Disclaimer: It’s no secret to some of my social media followers that I love stars and star-based characters. No, I’m obviously not into things like astrology or horoscopes, but starry, elven-esque characters in general fascinate me. Just ask an author who helped boost this love of starborn characters, Ms. Sarah Delena White, author of The Star-Fae Trilogy, or better yet, Casimir the misunderstood but utterly brilliant (pun intended) Solasa (star-fae), who I helped broadcast into STARdom, being his favorite minion and head of Team Solasa on Earth and all. 😉
Okay, enough with the astral puns. (Although, Casimir really is the star of his show, haha…)
Lately, I’ve been just as intrigued by the elven starpeople, the Startouch Elves of Xadia in the franchise, The Dragon Prince. (It curdles me inside every time I hear, “Startouch,” and I need to resist the urge to grab said person, shake them like a crazy lady, and yell, “It’s Star-FAE!!”) The only Startouch elf we’ve actually seen so far in the series is the enigmatic, charismatic, notoriously psycho sparkle, Aaravos (who is a “special bundle of special” if I ever saw one…), who seems pretty insidious in regards to other characters and the overall storyline, but I’m looking forward more to learning more about other star-fa– sorry, STARTOUCH– elves, as well as their mystical, exquisite and elaborate, big-picture culture. What was the life of other Startouch elves like, being that they were distanced from Xadia? Where did they live? How did they function up in their starry space, as a society? Unique skills or pets? How did they view Aaravos’s actions, and if they disapproved, did they consider intervening (or if they did intervene, is that why none are left– did he purposely wipe out the rest of his kind??)?
It should be clear by now that I’m not obsessed with things like the mythological constellations themselves, but more of the star people they influence, and the ethereal cultures they leave behind.
So when I saw Star Daughter by Shveta Thakrar in former Book of the Month’s YA selection, I absolutely didn’t hesitate, regardless of me not knowing all the character or plot details.

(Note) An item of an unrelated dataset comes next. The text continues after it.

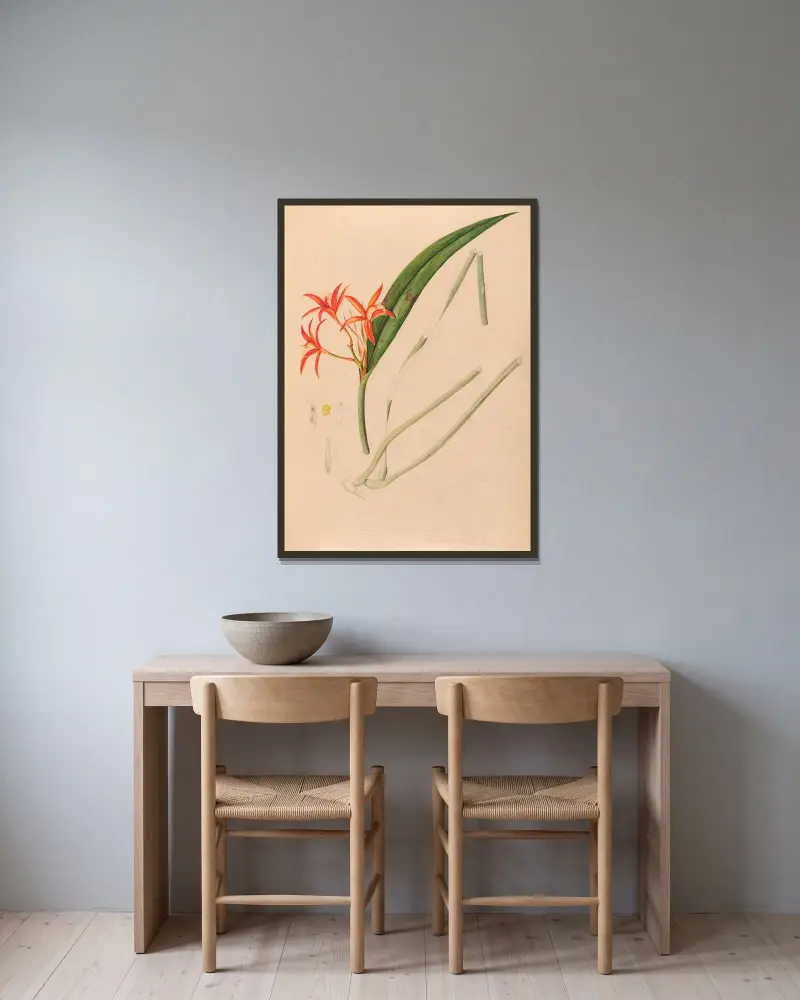 Iconographie des orchidées du Brésil Pl.53 av João Barbosa Rodrigues inramad på en vägg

All I could think was, “A book about a child born of the stars? A daughter of a star-person? SIGN. ME. UP.”
Little did I know what I was going to get into.
SPOILER WARNING: PROCEED AT YOUR OWN RISK
Things to Know:
Hindu mythology, deities mentioned briefly, here and there
Hindu terminology, you may need to Google things (I did)
Minor sexual tension in certain passages
Some LGBTQ+ rep (the MC’s bestie is either bi or lesbian; two of the MC’s competitors are gay)
Trigger warning: Anxiety and panic attacks
Summary: Sheetal is half-mortal, half-star (kind of like a star version of a dhampir, if you will), and struggles to fit in with mortals below on Earth. As a result, one day she is triggered by extreme stress, accidentally flaring her powers to life and harshly burning her father with her star’s fire, landing him in the ER in critical condition. Left with little alternative, Sheetal finally answers the call of her maternal side’s starry host, and ascends to the heavens with her BFF Minal in tow, determined to get a drop of pure star’s blood in order to heal her dad. But as she soon learns, nothing comes without a cost, in the heavens or on Earth.
Liked: Wonderfully descriptive. For some reason, I thought this book would be a teaser book, dangling the carrot of visiting the stars’ heavenly realms up above before cruelly snatching it away and letting us remain on Earth (I think my main subconscious reasoning behind this was that I was halfway through the 400+ book and we were still on Earth…). But I was soon rewarded for my patience with glorious details of sky palaces, a Hall of Mirrors, heavenly libraries and an ethereal people. It was magical, and I absolutely wanted more. More culture, more worldbuilding, just… all of it. I could drink her descriptions of the places; they almost felt concrete.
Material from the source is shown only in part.